_Problem to work on_.
All of the listing should be returned as written, apart from any picture in it.

=== Begin Enclosure ===

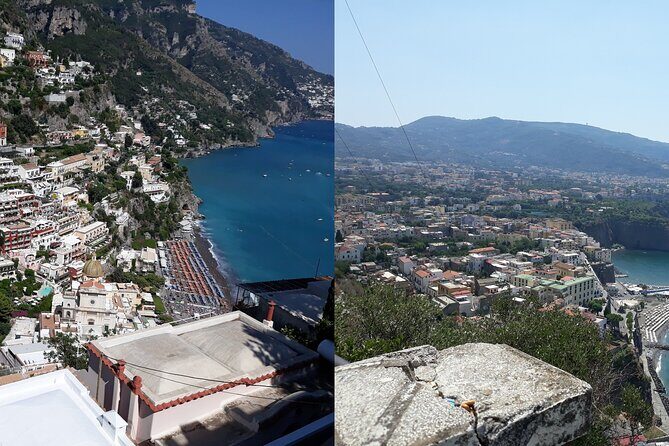 From Naples: "Private Tour Positano & Sorrento" - An Honest Look at the Tour Experience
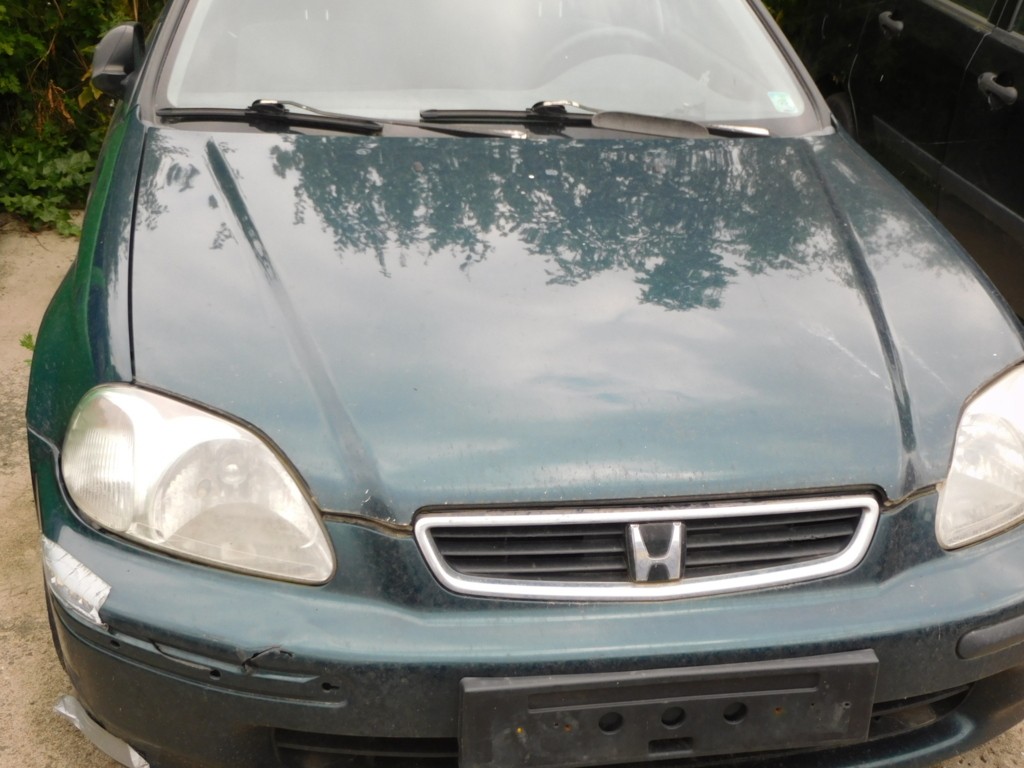Afbeelding 1 van Honda Civic VI 1.4i City                     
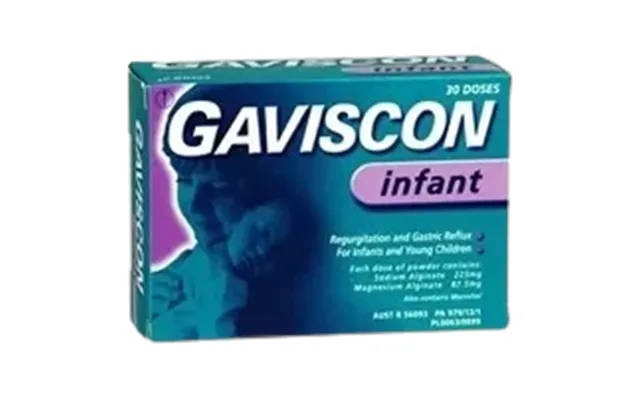 Gaviscon Infant Sachets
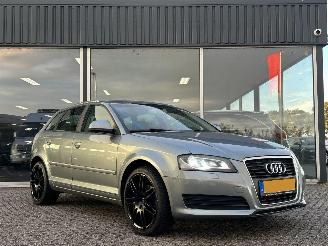 skadebil auto Audi A3 1.8TFSI 2008/4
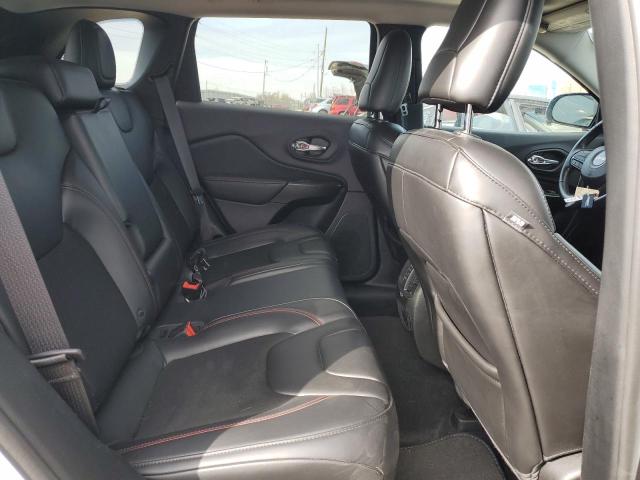 1C4PJMBX6KD473426 - 2019 JEEP CHEROKEE TRAILHAWK თეთრი ფოტო 10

=== End Enclosure ===

_Finished exercise_.
 From Naples: "Private Tour Positano & Sorrento" - An Honest Look at the Tour Experience
Afbeelding 1 van Honda Civic VI 1.4i City                     
 Gaviscon Infant Sachets
 skadebil auto Audi A3 1.8TFSI 2008/4
 1C4PJMBX6KD473426 - 2019 JEEP CHEROKEE TRAILHAWK თეთრი ფოტო 10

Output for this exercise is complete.